I guess that’s the hardest part of being an artist of any sort; you are your own worst critic, whether you’re a writer, a musician, a painter, a photographer, or anything else that falls within the blurry boundaries of art. Perfectionism and the torment that comes with it is what binds us. Perfectionism keeps us going, but perfectionism is also what brings us down harder than anything else. Perfectionism is what can make you look back at the last three years and wonder why the hell you wasted it doing practically nothing when you could have produced literally anything. You think you can hurt me? I write tens of thousands of words and then destroy them all with the click of a button.

We like to convince ourselves that no work is better than crap work, and I personally would rather eat rusty nails than allow a steaming pile of literary dog turd to find its place in the world under my own name. But the subjectivity of art means that my opinion on my own work matters more than anything else, and also not at all. One person’s Rupi Kaur is another person’s Stephen King.

No, that was stupid. There are some rules to art.

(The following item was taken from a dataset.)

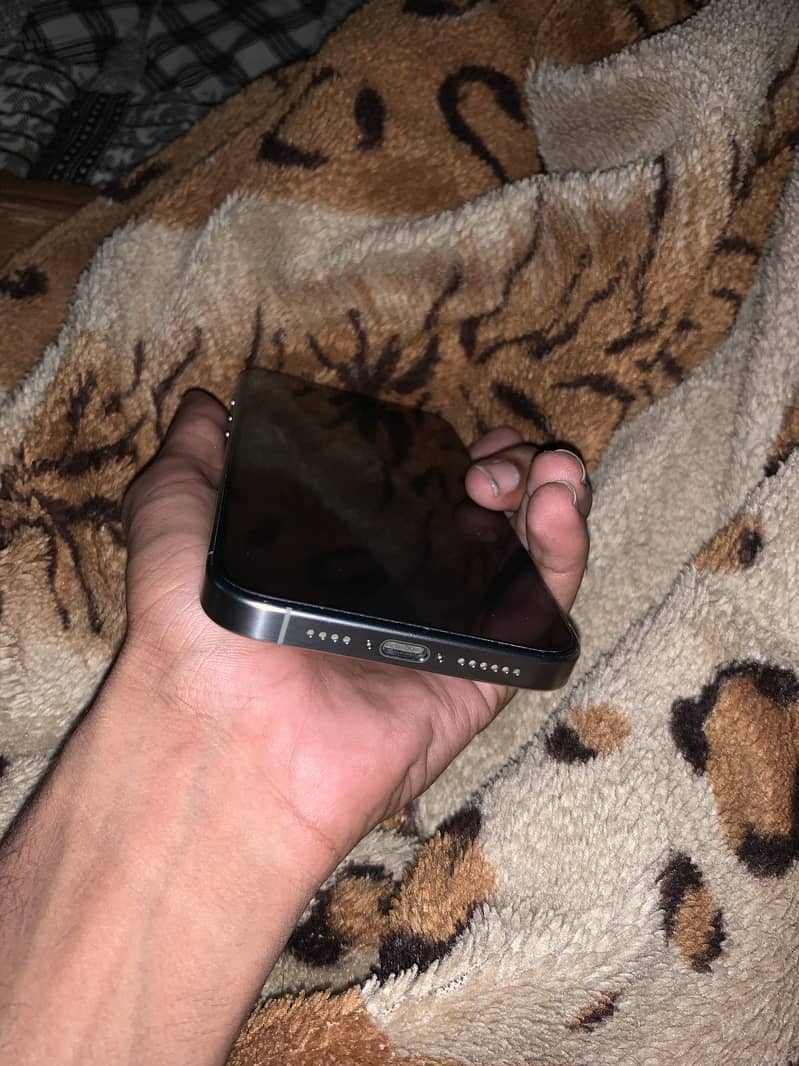 Apple iPhone 15 Pro Max 3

I can trace the beginnings of my disappointment with my writing back to a couple of instances, after which I resolved to set one golden rule for myself.

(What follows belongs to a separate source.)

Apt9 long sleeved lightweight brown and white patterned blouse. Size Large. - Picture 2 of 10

Write for yourself, always

The roots of frustration are tangled somewhere in the idea that I needed to start worrying about whether people were reading my work. I somehow forgot myself and thought this was something I, someone who didn’t care for journalism or any sort of writing that involved scoping what was popular, had to consider; it was downhill from there.
When I wrote simply for myself, the people who were reading were people like me. When I wrote for myself, I was hopping out of the shower to frantically get my ideas down in my phone, I was staying up late, typing a thousand words a minute because my thoughts were running faster than my fingers could keep up and I had to record them before they slipped away forever.
Then I started wondering what other people wanted to read and, very slowly, my passion for philosophy and fiction, for telling stories through flawed characters that have lived my own life, disappeared behind questions like ‘what clickbaity article can I write that I’ll hate the least?’

I didn’t write those articles, but that doesn’t mean that I won’t. It just means I haven’t decided I want to be a washed up B*zzFeed contributor. Yet. (Obviously my rule doesn’t apply to journalists –it’s literally your job to write for other people. I personally can’t think of anything worse for myself.)

This post is going to end with a really crap fizzle-out. I’m hoping I can leave writer’s block for good, but if not, look out for Build a Random Breakfast in a European City and I’ll Tell You Which Eastenders Character You Are, by yours truly.